• COLLECTED MATERIAL:
_ _ _

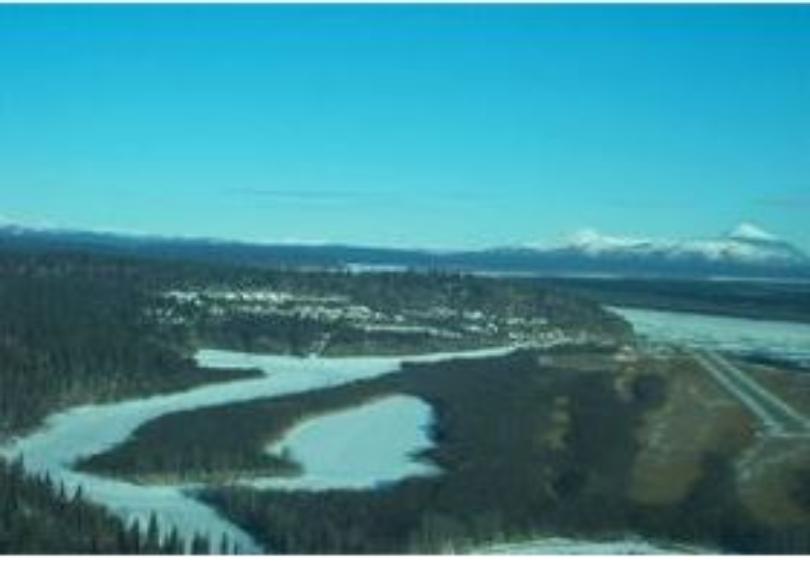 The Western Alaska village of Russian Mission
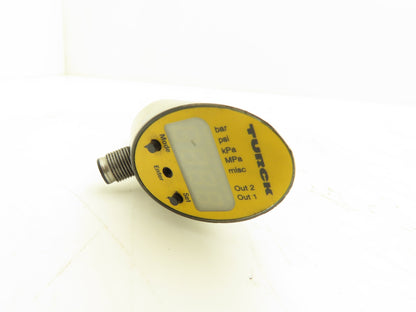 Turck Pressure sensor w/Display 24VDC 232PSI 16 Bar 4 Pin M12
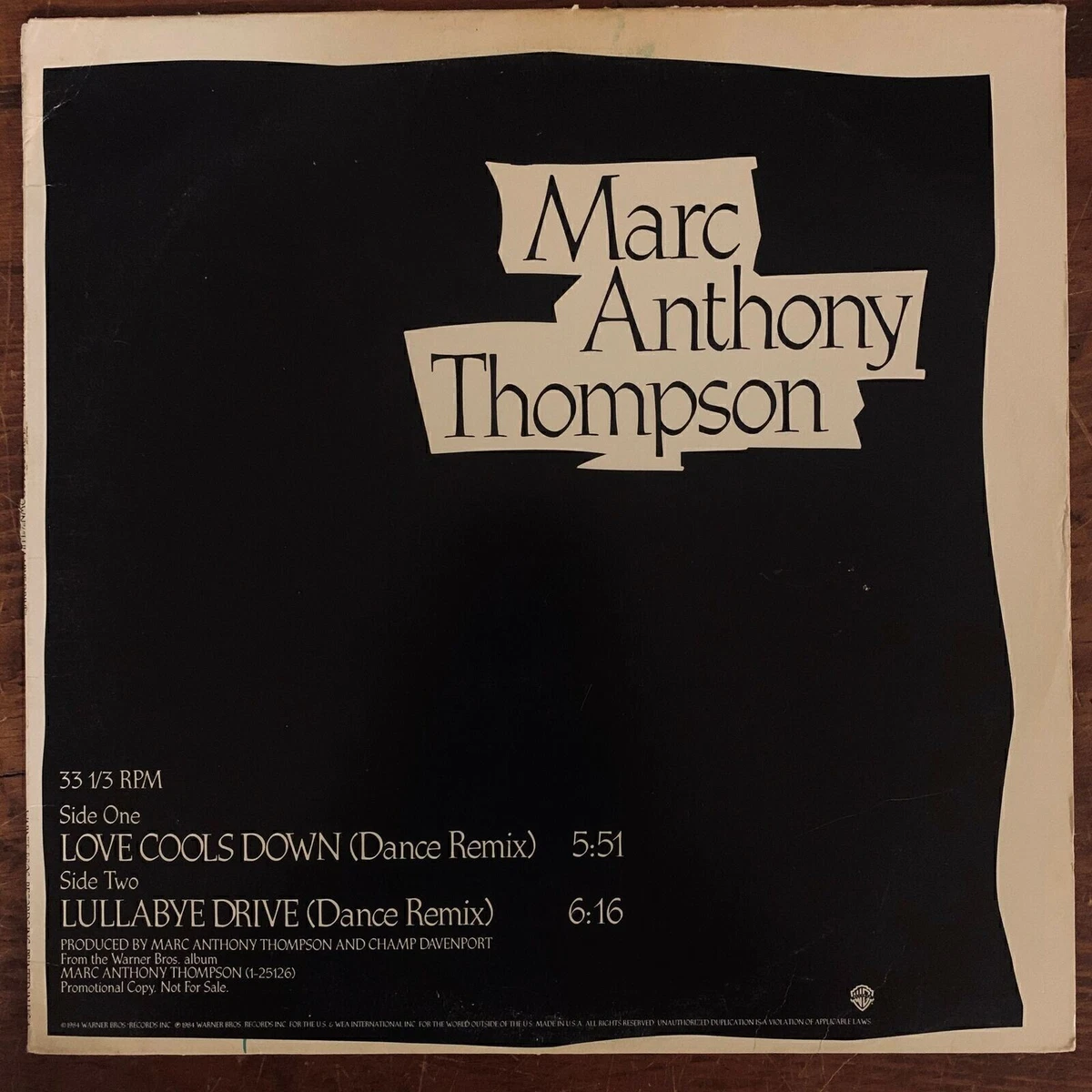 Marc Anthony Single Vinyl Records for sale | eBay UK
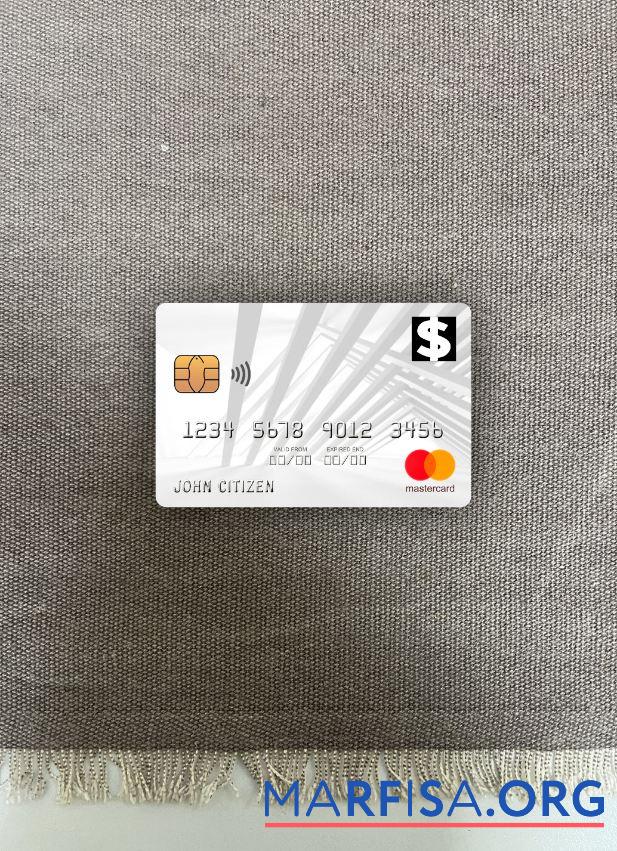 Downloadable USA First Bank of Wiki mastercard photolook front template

_ _ _

• PROBLEM: The required output is every line of the data above, set down exactly and stripped of pictures.

• TASK SOLUTION:
 The Western Alaska village of Russian Mission
 Turck Pressure sensor w/Display 24VDC 232PSI 16 Bar 4 Pin M12
 Marc Anthony Single Vinyl Records for sale | eBay UK
 Downloadable USA First Bank of Wiki mastercard photolook front template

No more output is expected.